What is known is that on March 12th, thirty one passengers on the bus were returning from a day trip to the Mohegan Sun Casino. The driver of the bus, Ophadel E. Williams, (who suffered non life threatening injuries in the accident including a fractured hip), has informed investigators that he was attempting to avoid a tractor trailer which swerved into his lane and then lost control of the bus. Apparently, the bus tipped onto its right side, slid down the shoulder of the highway (the bus is alleged to have slid 480 feet from first contact with the guardrail until stopping), and then hit a sign stanchion which tore through the middle of the bus, leading to the massive injuries and fatalities. It has also been reported that World Wide Travel has been cited in the past for driver fatigue. Police investigators are working to retrace the driver's actions for 72 hours before the crash. It has been reported that witnesses observed the bus moving at an excessive rate of speed.
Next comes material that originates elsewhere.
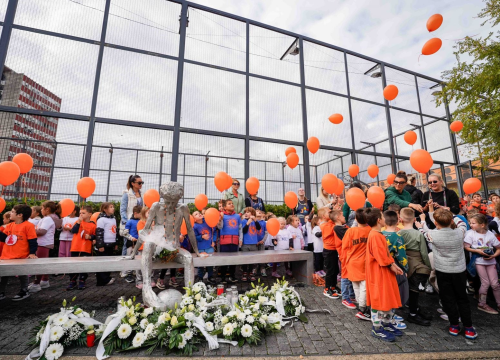 Fotografija 5 - Draženu 61 balon za 61. rođendan: Šibenik obilježio rođendan svog košarkaškog velikana
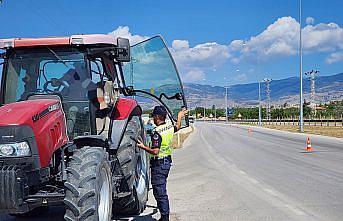 Merzifon’da jandarma ekipleri trafik denetimi yaptı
In cases such as this, there are several pieces of evidence which will be instrumental in determining the true cause of the accident. These include:

Debris from the accident scene;

Tire marks, skid marks and other roadway evidence;

Damage to the vehicles involved;

GPS tracking information, which could indicate the route and speed of the tractor-trailer;

Statements from the drivers and occupants of the bus;

A review of the engine control module in the bus, which might assist the police in determining the speed of the bus at the time of the accident;

Driver's logs which both the bus driver and truck driver and required to maintain by federal regulation;

Maintenance records for both vehicles.

There will undoubtedly be several lawsuits for wrongful death, and for the non-fatally injured passengers, for pain and suffering, medical and hospital expenses, lost earnings, loss of enjoyment of life, and long term care. I would assume that World Wide Travel would carry significant liability insurance coverage, but whether that coverage will be sufficient to compensate all of the victims of this tragic accident is a big question. If the evidence substantiates that the tractor-trailer's actions contributed to the accident, there will be additional insurance from the owners of the trucking company, but there may still be insufficient insurance to compensate all victims.

We will continue to report on this case in future installments as the investigation continues.